* **Records supplied**
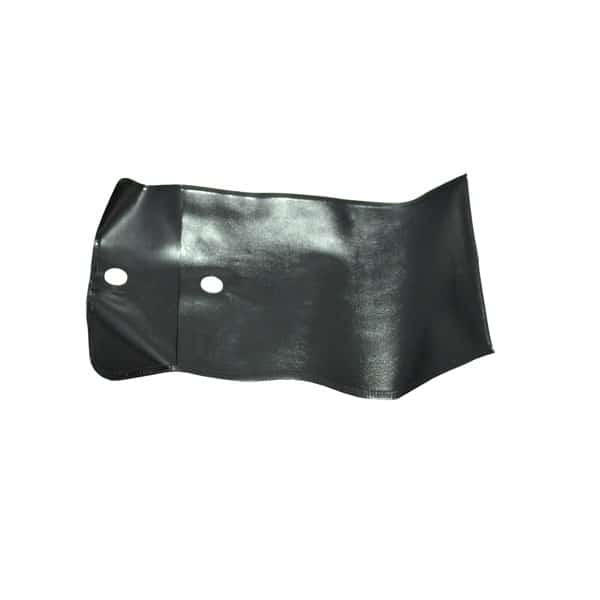 Kantong Toolkit (Bag Owners Manual) – BeAT FI eSP, Spacy, CBR 150R, CBR 250RR, Supra X 125, Vario 110 Karburator, Vario 125 FI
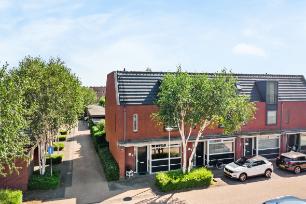 huis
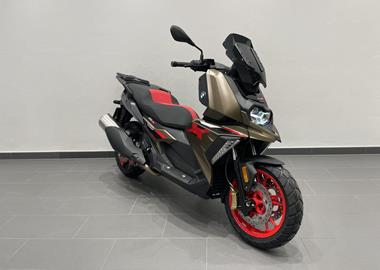 Gebrauchte Gebrauchte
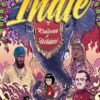 Indie - Královna z Džhánsí - Image 2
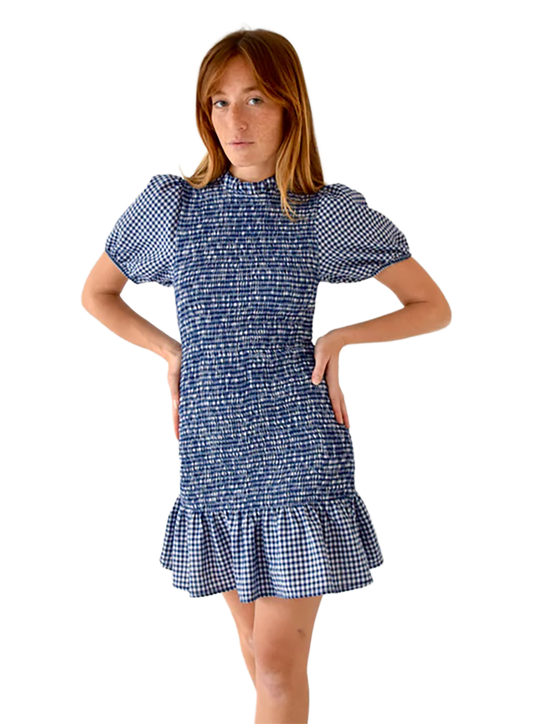 MDT1DRE12649PCW_AZUL+MARINO_0.png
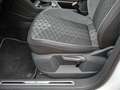 Volkswagen Tiguan Allspace 2.0 TDI  R-Line|Matrix|AHK|RFK Weiß - thumbnail 22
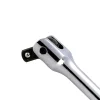 Maneral 1/2″ ruedas coche - Imagen 3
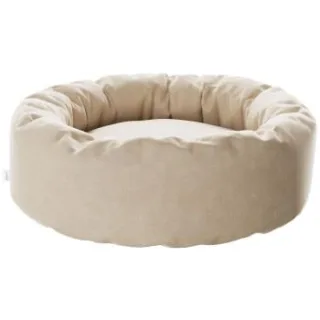 Dog Sport STYLECATS Katzenbett Barona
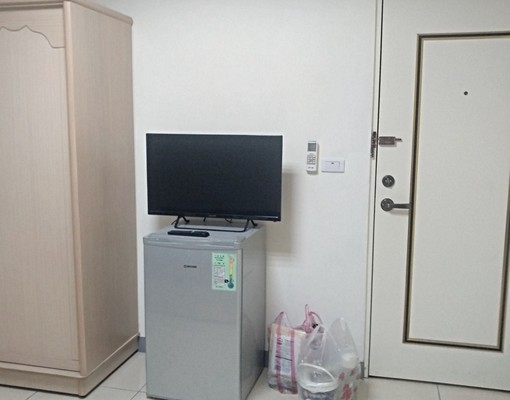 全新完工~住戶優選~ - Image 4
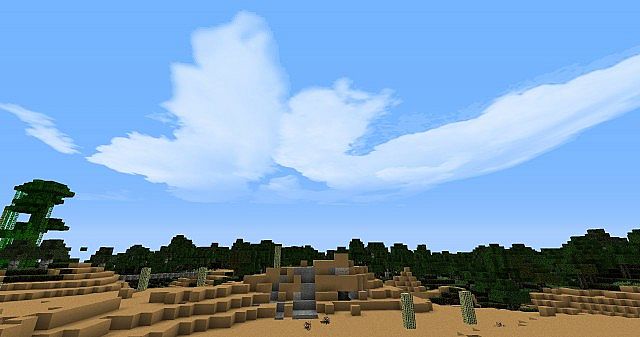 http://www.img.9minecraft.net/TexturePack/4-real-texture-pack-7.jpg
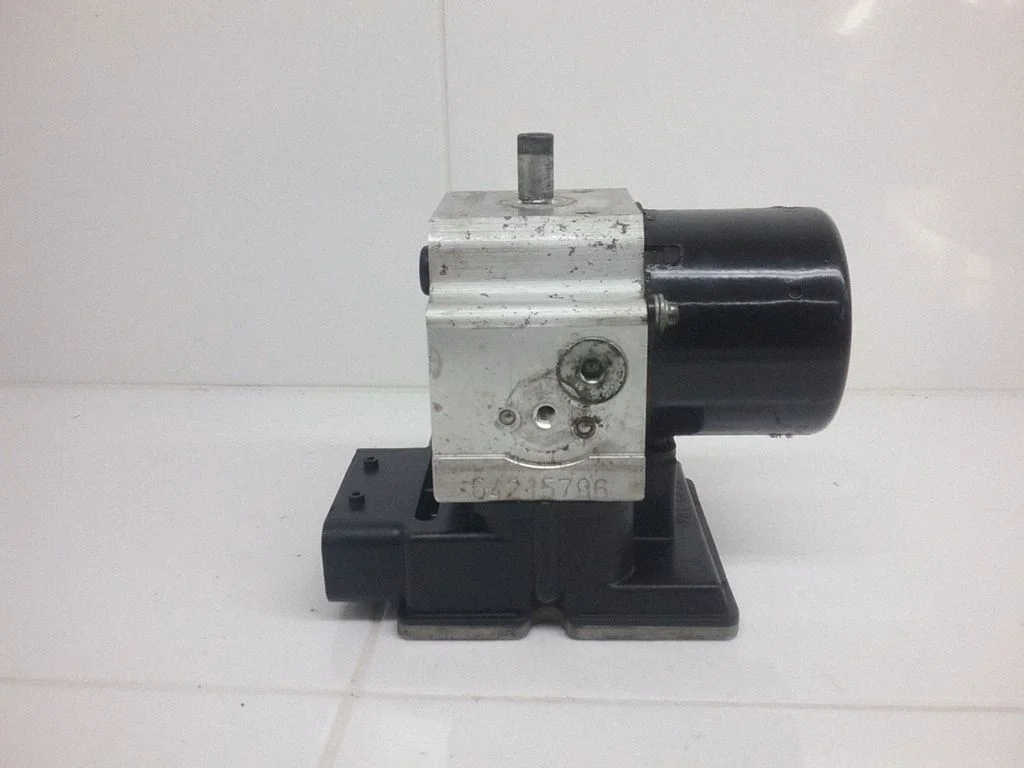 ABS bloks EBC430EV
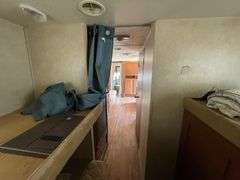 2014 Forrest River "Wildwood X-Lite" Camper
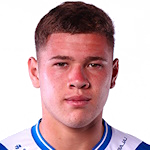 Alex Verón
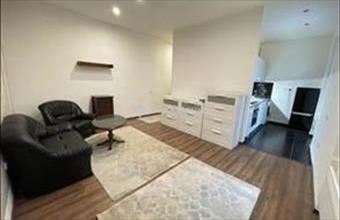 Eladó Budapest XIII. kerületi tégla lakás hirdetés (89634246)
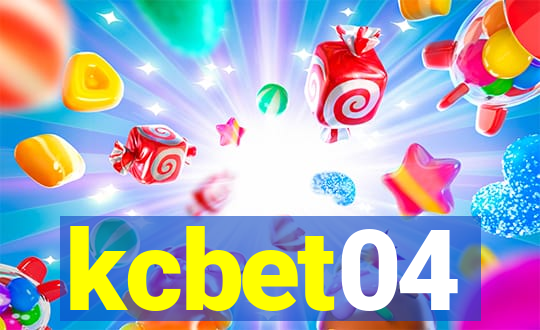 kcbet04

* **What the exercise asks**
Write out the entries again, exactly as given, skipping any images.

* **The completed task**
 Kantong Toolkit (Bag Owners Manual) – BeAT FI eSP, Spacy, CBR 150R, CBR 250RR, Supra X 125, Vario 110 Karburator, Vario 125 FI
 huis
 Gebrauchte Gebrauchte
 Indie - Královna z Džhánsí - Image 2
 MDT1DRE12649PCW_AZUL+MARINO_0.png
 Volkswagen Tiguan Allspace 2.0 TDI  R-Line|Matrix|AHK|RFK Weiß - thumbnail 22
 Maneral 1/2″ ruedas coche - Imagen 3
 Dog Sport STYLECATS Katzenbett Barona
 全新完工~住戶優選~ - Image 4
 http://www.img.9minecraft.net/TexturePack/4-real-texture-pack-7.jpg
 ABS bloks EBC430EV
 2014 Forrest River "Wildwood X-Lite" Camper
 Alex Verón
 Eladó Budapest XIII. kerületi tégla lakás hirdetés (89634246)
 kcbet04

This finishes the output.